NeurIPS is generally recognized as one of the top conferences—or perhaps the top conference–in AI. The research presented at NeurIPS has a specific focus on theoretical advances in neural networks and deep learning, two of the subfields that have driven many of the recent advances in AI. 

NeurIPS is among the top two AI conferences in both the number of papers submitted and the selectivity of papers accepted. Given its popularity and selectivity, we used a random sample of papers accepted at the 2019 conference, representative of all papers accepted, and tracked the authors of those papers. 

Source

How we collected the author data

Given that NeurIPS 2019 had a total of 1,428 accepted papers, gathering granular educational and career information on all researchers is very time consuming and costly. Therefore we opted to select a random sample of 175 papers that contained a total of 675 authors. Sampling at the paper level has two positive attributes: it makes our sample both representative of the quality of papers accepted at the conference and allows us to make estimates at both the author level and the paper level. 

This sample yields a Confidence Level of 95% and a Margin of Error of 7% for estimates made about the entire population of 1,428 papers. For estimates made regarding subpopulations—such as the post-graduation employment of international students in the United States—there is a marginal decrease in the Confidence Level and an increase in the Margin of Error.

For the NeurIPS 2019 Oral Presentations (acceptance rate of 0.5%), there were 36 papers and 131 authors. We gathered the same career and educational data for these authors to serve as a proxy for the “most elite” (approximately top 0.5%) AI researchers. Given the smaller population, we were able to collect data for all 131 authors, yielding a true population statistic with zero Margin of Error. 

How we coded the author data:

For all authors in our sample, we used LinkedIn, personal websites, and other publicly available sources to gather the following information: (1) undergraduate university and country; (2) graduate university and country; (3) current institutional affiliation and country; (4) The country where the headquarters of the authors’ current affiliation is located (e.g. a researcher working at Google in Toronto would have their current country designated as “Canada” and headquarter country designated as “USA”); (5) whether the researcher is currently a graduate student; (6) institution type: private sector vs. academia.

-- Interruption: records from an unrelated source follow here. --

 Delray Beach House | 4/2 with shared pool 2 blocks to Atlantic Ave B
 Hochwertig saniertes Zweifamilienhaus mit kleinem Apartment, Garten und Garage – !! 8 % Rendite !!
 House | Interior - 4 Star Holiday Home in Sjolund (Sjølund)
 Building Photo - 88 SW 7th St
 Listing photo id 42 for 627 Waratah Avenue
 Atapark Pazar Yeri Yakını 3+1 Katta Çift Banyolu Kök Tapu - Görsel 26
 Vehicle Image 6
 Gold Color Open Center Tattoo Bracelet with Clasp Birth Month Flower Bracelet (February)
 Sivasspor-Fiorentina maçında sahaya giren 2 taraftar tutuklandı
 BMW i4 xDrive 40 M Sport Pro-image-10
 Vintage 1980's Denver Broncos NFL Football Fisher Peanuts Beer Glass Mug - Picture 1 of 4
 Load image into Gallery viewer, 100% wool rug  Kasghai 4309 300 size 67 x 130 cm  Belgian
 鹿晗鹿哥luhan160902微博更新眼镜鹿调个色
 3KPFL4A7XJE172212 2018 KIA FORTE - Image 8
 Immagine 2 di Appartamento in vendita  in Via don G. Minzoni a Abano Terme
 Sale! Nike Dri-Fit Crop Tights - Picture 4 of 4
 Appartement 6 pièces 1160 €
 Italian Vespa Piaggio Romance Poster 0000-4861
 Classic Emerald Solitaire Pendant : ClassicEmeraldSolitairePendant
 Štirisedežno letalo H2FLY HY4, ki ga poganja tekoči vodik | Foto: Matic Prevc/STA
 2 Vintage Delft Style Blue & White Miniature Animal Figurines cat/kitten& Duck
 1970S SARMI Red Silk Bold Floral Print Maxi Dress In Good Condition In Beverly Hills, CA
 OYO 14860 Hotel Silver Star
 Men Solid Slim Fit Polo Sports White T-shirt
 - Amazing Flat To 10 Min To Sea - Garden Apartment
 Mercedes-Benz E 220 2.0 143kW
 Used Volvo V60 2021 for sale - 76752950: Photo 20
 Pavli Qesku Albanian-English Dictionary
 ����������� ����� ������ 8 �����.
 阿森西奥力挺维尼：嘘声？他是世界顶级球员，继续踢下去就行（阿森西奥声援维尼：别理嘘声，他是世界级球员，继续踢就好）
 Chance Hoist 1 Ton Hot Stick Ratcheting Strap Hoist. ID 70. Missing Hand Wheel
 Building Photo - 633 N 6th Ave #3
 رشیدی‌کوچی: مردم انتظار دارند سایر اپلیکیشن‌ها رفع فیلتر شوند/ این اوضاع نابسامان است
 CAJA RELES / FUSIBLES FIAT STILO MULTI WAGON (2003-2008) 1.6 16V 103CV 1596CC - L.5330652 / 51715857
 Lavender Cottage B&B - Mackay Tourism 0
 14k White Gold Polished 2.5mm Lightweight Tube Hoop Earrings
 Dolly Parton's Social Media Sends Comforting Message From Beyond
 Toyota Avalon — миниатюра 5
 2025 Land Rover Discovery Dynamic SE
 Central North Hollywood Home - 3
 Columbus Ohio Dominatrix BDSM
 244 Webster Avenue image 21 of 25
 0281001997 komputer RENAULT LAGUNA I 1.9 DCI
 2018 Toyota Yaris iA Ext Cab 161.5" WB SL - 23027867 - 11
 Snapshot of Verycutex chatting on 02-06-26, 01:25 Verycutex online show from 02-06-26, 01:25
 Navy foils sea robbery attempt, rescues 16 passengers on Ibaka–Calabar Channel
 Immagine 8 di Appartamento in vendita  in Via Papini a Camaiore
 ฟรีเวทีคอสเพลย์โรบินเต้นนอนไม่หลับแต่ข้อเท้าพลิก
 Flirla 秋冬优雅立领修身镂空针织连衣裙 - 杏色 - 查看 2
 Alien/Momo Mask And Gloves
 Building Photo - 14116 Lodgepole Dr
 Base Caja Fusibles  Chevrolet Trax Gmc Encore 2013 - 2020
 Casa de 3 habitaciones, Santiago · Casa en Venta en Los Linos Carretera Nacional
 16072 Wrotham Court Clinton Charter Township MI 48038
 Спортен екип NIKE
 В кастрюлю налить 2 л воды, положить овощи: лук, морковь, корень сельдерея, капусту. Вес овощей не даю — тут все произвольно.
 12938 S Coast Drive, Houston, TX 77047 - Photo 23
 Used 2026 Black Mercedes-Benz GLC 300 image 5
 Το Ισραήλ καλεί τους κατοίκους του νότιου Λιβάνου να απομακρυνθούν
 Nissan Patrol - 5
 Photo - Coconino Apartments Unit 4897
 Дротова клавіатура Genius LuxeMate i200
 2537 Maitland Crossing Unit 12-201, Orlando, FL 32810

Current country & HQ country:

We coded this separately because the “HQ country” is a better measure of different countries’ AI capabilities, while “current country” is a measure of the geographic distribution of labor. In other words, the flag that a particular entity or firm flies is a better proxy for the capabilities of that country than where the labor of that entity is disbursed. 

The gap between results derived from “HQ country” and “current country” metrics is relatively minute, meaning a large majority of these researchers are working in the country of their institution’s headquarters. In the very small number of cases where there is divergence between HQ and current location, we chose a metric based on the variable of interest (capability vs. geography).

For authors who have changed their affiliation since publishing the paper in our sample, we used their updated affiliation rather than the affiliation listed on the paper.

Multiple institutional affiliations:

If authors list multiple affiliations on a paper, we used the affiliation from the email listed as their contact information on the paper. (This applies to all statistics in the study except in the case of institutional rankings.)

Institution rankings:

For our ranking of the top 25 institutions, we gathered data for the entire population of 1,428 accepted papers and used a “fractional count” method to assign credit to institutions. In a fractional count, each paper is given a value of 1, and that value is then divided up equally between authors. Authors with multiple affiliations have their share for that paper divided equally between their institutions. 

For example, consider a paper that was co-authored by two researchers: one affiliated solely with Tsinghua University and the other with dual affiliations at Stanford University and Google. Tsinghua would be credited with a count of 0.5, while Stanford and Google would both receive 0.25 each. We adopted a fractional count method for this metric because it is representative of the role of the institution in generating a research paper.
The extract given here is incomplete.